それだと ぼくが飲むと間接キスになってしまいません?
新妻さんを見てみると、飲まないの?とでも思っているように首をかしげる。なんてかわいいんだ!
じゃなくて!間接キスは気にしてないみたい。
それなら、とスポドリを飲ませてもらう。
ぼくだけ気にしてると何か変だからね。
グイッと一口飲み、新妻さんへボトルを返す。
「ふぅ、ありがとう新妻さ、、」
「あ〜あ、お姉さんと間接キスして欲しかったなぁ。」
「っ、ゴホッゴホッ…。」
「ちょっと明日香! って弟月くん大丈夫⁉︎」
耳元で囁かれた姉帯さんの言葉に思わずむせるぼくを新妻さんが背中をさすってくれた。
「チッ、そうやっていつも女子に面倒みてもらってるのか?恥ずかしいヤツだな、見てるだけでイラつくぜ!消えちまえよ、マジでさ。」
どこかで見ていたようで剛力君がからんできた。
「あ、はい、すみません。それじゃ。」
「チッ、意気地なしなヤツだな。」
ぼくがすぐに立ち去るのを見て何故か不満そうな剛力君。
キミが今消えろって言ったからなのに何が不満なのか?
とりあえず ぼくの後ろですごく怖い顔をなさっている おふたりを連れて、そそくさとその場を離れるのだった。
☆☆☆☆☆☆☆☆☆☆☆☆☆☆☆☆☆☆☆☆
「頑張れー!姉帯さん!新妻さん!」
応援を聞いたふたりが一瞬こちらを見たような気がした。
次の瞬間には新妻さんが動き出し、相手のスパイクを華麗にレシーブする。
クラスメイトがあげたボールを身長の高い姉帯さんが相手のコートに打ち込んでいた。
競技が始まってから、ぼくは自分のクラスの女子バレーの応援に来ている。姉帯さんと新妻さんの応援だ!
初めて知ったが、ふたりともかなり運動神経がよく、ふたりの活躍で女子バレーチームは準決勝までコマを進めていた。
スポーツでの動きだけでなく、ふたりの容姿がかなりの注目を集め、決勝の試合はかなりの人だかりができていた。
新妻さんが横っ飛びでボールを拾う!その瞬間ジャージがめくれてお腹が見える。男子の注目が集まる!
姉帯さんがスパイクで宙に飛ぶ!その時、豊満な胸が激しく揺れる。男子の熱い視線が集中する!
なんて正直な視線なんだ。
まぁぼくも思わず目で追ってしまっていますが、、
第一セットを取り、休憩タイムに入るとふたりが応援席にいる ぼくのところまで来てくれた。

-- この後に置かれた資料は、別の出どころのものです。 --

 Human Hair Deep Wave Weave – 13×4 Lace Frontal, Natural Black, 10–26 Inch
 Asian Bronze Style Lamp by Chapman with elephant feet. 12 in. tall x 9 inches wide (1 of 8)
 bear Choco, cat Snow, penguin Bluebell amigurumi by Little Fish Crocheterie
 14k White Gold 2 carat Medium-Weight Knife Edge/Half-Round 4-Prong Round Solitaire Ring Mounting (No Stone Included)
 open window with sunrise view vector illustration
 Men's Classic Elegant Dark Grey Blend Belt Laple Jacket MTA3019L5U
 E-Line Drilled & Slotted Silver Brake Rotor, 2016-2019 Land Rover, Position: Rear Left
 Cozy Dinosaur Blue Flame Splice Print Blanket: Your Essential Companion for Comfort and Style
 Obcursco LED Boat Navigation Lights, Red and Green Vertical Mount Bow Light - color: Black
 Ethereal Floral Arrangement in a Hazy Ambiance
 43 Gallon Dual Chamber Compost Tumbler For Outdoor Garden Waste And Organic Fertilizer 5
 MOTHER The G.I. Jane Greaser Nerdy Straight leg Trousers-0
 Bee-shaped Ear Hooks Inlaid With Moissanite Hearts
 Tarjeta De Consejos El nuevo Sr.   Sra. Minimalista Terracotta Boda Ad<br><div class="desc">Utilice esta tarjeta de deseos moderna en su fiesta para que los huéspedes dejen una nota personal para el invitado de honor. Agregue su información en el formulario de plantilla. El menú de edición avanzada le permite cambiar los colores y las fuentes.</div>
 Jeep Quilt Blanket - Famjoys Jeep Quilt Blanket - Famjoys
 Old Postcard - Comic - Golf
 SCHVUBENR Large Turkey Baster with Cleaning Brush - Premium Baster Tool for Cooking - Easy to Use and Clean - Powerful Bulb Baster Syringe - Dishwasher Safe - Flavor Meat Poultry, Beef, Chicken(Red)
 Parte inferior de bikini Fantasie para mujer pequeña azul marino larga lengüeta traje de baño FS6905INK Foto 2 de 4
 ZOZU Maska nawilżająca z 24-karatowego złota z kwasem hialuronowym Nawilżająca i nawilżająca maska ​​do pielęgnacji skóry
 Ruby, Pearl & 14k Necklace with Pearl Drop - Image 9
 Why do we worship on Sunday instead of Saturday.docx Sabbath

「弟月く〜ん!どお?お姉さんの活躍はぶりは?すごい?」
「すごいかっこよかったよ!姉帯さん!身長高くてプロのバレー選手みたいだったよ! 」
ふふん、と満足そうに胸を張る姉帯さん。
大きなお胸が激しく主張し、周りの目を引く。
「新妻さんも!かなり活躍してたね!思わず見惚れちゃうようなプレーだったよ。」
「そ、そうかな。 ありがと。」カァー
少しうつむいて赤くなっている新妻さん。一瞬天使かと思った。
そこで、周りの視線が自分たちに集中していることに気づいた。
「おい、あのちっちゃいヤツ誰だ?」
「あのギャルたち、まっすぐにアイツのとこに行ったよな。」
「新妻さん、お綺麗だ。」
「姉帯さん胸でけ〜。」
それはそうか、今や学校中の男子から注目されている姉帯さんと新妻さんが、ふたりでぼくのところに来てくれたのだ。周りの男子からしたら気になるだろう。
なんだか怨念ごもった視線が怖くなってきたので早々に立ち去ることにする。
「ふたりとも第二セットも頑張ってね!あ、でも怪我しないように気をつけてね。」
「ん、ありがと 大丈夫だよ。」ポンポンッと頭を撫でてくれる新妻さん。
やだ、イケメン。
「お姉さん、優勝したら何かご褒美が欲しいなぁ。」
後ろから姉帯さんが抱き着きついてくる。
身長差もあり、ぼくの頭は丁度姉帯さんの大きな胸に包まれる形になり、運動していたからか、姉帯さんはいつもより身体が火照っていた。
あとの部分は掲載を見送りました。